The Everyday Savings website on Wednesday showed a slightly lower APY for those who sign up for the checking account waitlist, of 2.39%, but a link in the first footnote notes that the APY is typically updated every business day by 5 p.m. ET and the rate on Aug. 21 was 2.4%.
(Related: Betterment Moves Into Banking)
Also in the fine print is another link explaining that the higher APY for those who sign up for the checking account waitlist is due to a 0.25% promotional rate increase "that extends at least for the duration of 2019 until every individual on the waitlist has an opportunity to access." The APY itself does not extend through the end of the year, only the additional 0.25% rate above the APY, a spokeswoman explained.
Despite the decline in rates, Betterment's savings account APY remains higher than those of other robo-advisors and most traditional banks, in part because it uses a network of banks for the account, rather than a single institution.

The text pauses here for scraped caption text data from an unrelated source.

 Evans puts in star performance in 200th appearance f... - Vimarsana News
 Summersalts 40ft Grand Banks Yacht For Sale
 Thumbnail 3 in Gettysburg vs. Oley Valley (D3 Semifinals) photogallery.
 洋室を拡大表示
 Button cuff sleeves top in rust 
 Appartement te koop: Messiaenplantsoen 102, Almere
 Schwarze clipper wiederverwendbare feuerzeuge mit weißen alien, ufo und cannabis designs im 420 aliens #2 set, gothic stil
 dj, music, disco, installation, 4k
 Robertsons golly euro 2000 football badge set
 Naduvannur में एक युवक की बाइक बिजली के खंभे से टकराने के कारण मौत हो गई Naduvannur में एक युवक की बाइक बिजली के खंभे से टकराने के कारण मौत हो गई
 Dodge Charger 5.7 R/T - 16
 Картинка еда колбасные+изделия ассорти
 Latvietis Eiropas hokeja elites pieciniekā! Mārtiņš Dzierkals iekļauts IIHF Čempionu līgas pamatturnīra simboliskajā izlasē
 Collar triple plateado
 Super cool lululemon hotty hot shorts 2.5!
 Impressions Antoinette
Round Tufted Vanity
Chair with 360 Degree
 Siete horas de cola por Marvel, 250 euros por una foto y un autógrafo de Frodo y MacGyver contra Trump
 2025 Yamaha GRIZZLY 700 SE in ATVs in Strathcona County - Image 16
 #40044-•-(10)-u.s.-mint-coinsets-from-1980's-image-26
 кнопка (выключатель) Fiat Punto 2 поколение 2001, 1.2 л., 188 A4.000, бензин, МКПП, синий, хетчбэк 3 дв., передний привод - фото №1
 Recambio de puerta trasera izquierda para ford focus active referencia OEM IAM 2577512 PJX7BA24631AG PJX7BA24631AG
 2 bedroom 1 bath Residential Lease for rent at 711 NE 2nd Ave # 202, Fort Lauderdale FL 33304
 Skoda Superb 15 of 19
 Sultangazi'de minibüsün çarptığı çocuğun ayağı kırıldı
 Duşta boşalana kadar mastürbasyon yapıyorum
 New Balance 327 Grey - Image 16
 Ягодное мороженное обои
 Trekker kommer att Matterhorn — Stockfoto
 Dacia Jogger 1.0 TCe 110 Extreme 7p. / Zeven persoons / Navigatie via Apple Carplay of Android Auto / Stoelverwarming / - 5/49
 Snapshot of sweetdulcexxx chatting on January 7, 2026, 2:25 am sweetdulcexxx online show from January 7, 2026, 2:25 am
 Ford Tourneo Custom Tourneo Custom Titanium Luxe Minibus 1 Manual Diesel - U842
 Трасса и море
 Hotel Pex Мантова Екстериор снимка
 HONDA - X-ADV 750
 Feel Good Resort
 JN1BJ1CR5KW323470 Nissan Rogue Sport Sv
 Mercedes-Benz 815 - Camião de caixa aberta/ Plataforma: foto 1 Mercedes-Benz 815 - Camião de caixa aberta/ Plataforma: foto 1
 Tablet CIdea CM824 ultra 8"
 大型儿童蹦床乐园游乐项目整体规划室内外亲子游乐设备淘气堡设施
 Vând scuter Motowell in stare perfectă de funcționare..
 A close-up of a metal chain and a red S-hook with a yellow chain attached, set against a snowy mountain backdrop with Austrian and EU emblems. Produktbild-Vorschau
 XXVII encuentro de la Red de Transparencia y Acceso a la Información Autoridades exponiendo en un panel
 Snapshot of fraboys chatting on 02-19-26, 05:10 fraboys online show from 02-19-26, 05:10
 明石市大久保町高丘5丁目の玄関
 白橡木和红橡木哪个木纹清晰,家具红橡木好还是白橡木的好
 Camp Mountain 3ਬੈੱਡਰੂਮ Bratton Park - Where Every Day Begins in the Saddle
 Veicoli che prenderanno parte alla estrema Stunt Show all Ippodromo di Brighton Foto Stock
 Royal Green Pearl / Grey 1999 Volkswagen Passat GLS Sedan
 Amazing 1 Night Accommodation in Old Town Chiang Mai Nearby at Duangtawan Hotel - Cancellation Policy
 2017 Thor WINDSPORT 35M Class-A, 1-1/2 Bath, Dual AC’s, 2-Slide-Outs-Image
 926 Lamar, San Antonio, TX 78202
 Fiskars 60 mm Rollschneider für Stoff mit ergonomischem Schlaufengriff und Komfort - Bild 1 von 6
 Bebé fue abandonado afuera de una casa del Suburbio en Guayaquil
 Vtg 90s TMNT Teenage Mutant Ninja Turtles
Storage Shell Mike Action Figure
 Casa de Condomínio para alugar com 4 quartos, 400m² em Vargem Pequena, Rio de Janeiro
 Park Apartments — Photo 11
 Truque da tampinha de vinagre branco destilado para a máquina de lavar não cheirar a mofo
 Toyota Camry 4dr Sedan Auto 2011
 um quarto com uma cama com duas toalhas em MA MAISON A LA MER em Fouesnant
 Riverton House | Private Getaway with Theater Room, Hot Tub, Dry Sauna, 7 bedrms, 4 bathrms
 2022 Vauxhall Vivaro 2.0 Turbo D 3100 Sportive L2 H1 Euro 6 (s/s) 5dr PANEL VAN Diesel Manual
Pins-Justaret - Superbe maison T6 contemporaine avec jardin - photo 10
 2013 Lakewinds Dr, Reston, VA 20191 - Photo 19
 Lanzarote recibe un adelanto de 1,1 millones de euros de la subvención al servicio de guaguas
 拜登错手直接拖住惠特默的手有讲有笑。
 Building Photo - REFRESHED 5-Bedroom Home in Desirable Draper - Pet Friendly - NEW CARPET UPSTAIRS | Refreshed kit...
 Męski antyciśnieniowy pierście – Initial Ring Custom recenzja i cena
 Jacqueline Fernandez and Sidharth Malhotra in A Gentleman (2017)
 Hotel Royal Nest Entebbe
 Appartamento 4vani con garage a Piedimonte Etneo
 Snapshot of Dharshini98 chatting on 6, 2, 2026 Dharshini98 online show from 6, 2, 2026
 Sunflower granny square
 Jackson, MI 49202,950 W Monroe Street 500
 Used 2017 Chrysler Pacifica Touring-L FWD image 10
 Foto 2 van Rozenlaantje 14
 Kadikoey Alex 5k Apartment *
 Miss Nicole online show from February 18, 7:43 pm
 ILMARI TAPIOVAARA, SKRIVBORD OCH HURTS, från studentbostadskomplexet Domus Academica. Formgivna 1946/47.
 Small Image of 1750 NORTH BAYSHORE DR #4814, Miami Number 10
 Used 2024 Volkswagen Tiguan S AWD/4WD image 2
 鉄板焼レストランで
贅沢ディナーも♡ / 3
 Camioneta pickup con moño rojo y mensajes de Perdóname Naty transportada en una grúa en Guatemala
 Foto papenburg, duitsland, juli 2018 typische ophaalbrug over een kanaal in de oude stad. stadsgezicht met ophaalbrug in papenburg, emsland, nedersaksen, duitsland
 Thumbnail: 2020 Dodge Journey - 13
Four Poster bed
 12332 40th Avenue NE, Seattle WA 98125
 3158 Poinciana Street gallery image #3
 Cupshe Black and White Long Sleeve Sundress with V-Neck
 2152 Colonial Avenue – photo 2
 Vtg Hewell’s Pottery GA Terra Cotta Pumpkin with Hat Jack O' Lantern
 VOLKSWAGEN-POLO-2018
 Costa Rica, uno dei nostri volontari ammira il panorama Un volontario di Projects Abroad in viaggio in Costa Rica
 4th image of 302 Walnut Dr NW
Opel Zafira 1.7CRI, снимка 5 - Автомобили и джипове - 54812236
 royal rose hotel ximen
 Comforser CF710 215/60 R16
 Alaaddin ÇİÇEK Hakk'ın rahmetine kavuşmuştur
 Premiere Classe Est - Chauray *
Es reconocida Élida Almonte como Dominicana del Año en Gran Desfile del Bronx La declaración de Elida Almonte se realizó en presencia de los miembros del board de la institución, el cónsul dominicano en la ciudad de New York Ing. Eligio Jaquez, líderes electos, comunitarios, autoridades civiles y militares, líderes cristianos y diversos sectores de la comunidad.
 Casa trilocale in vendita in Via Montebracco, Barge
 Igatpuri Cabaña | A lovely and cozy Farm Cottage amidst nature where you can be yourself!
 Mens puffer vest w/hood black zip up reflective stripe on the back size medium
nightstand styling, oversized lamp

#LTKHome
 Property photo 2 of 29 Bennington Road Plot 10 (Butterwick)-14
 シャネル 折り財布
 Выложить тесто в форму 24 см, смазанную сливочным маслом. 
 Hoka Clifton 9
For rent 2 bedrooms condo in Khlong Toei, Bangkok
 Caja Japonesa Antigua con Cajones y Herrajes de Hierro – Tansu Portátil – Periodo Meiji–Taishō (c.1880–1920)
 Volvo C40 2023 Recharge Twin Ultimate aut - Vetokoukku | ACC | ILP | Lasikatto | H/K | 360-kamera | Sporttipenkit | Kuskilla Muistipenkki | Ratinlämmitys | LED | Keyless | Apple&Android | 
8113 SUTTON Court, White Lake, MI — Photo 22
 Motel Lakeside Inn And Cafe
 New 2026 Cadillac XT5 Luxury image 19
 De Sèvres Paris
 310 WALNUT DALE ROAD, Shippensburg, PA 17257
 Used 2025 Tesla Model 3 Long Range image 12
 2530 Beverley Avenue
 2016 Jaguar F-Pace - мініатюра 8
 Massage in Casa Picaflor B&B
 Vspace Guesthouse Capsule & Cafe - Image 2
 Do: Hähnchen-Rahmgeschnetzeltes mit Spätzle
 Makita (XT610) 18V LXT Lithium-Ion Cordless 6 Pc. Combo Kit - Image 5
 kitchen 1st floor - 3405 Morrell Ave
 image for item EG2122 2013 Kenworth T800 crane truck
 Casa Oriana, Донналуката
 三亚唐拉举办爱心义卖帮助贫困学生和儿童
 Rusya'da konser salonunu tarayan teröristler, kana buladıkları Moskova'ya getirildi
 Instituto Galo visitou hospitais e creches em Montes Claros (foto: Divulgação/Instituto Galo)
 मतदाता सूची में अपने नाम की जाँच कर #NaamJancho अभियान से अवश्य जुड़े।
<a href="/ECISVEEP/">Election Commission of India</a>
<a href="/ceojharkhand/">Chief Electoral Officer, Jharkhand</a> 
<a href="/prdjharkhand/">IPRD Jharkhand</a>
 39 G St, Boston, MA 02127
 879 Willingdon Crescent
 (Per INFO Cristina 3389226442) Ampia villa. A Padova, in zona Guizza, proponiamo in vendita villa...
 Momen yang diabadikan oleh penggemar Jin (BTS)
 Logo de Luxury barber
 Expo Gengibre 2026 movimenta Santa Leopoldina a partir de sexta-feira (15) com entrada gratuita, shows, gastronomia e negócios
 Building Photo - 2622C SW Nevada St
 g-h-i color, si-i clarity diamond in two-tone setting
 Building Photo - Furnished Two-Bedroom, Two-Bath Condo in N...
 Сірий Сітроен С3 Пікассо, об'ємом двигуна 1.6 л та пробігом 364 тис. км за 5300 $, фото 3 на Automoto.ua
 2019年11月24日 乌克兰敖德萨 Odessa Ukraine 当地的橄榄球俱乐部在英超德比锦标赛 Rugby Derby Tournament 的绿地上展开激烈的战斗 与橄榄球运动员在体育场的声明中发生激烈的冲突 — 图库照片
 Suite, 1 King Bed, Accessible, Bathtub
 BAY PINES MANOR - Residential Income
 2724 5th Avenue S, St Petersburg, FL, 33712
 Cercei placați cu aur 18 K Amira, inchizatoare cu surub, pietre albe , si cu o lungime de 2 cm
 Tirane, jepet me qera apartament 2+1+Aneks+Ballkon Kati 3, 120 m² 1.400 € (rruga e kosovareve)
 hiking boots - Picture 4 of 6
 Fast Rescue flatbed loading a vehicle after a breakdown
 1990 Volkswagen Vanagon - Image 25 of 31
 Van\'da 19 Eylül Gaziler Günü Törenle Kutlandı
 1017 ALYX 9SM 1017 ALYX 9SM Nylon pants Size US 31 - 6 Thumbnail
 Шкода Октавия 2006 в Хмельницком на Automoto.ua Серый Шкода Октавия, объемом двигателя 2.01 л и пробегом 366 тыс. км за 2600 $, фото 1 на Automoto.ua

Wealthfront's saving account has an APY of 2.32%, down from 2.57% previously and Personal Capital's savings account has an APY of 2.05%. All are well above the national interest rate of 0.9% for savings accounts during week of Aug. 19, according to the FDIC and very competitive with the rates paid by the top 1% of banks with the highest savings account APYs. (Approximately 40 banks, most online, are paying above 2% but many require minimums of $1,000 or more to qualify for the higher rate, according to Depositaccounts.com.)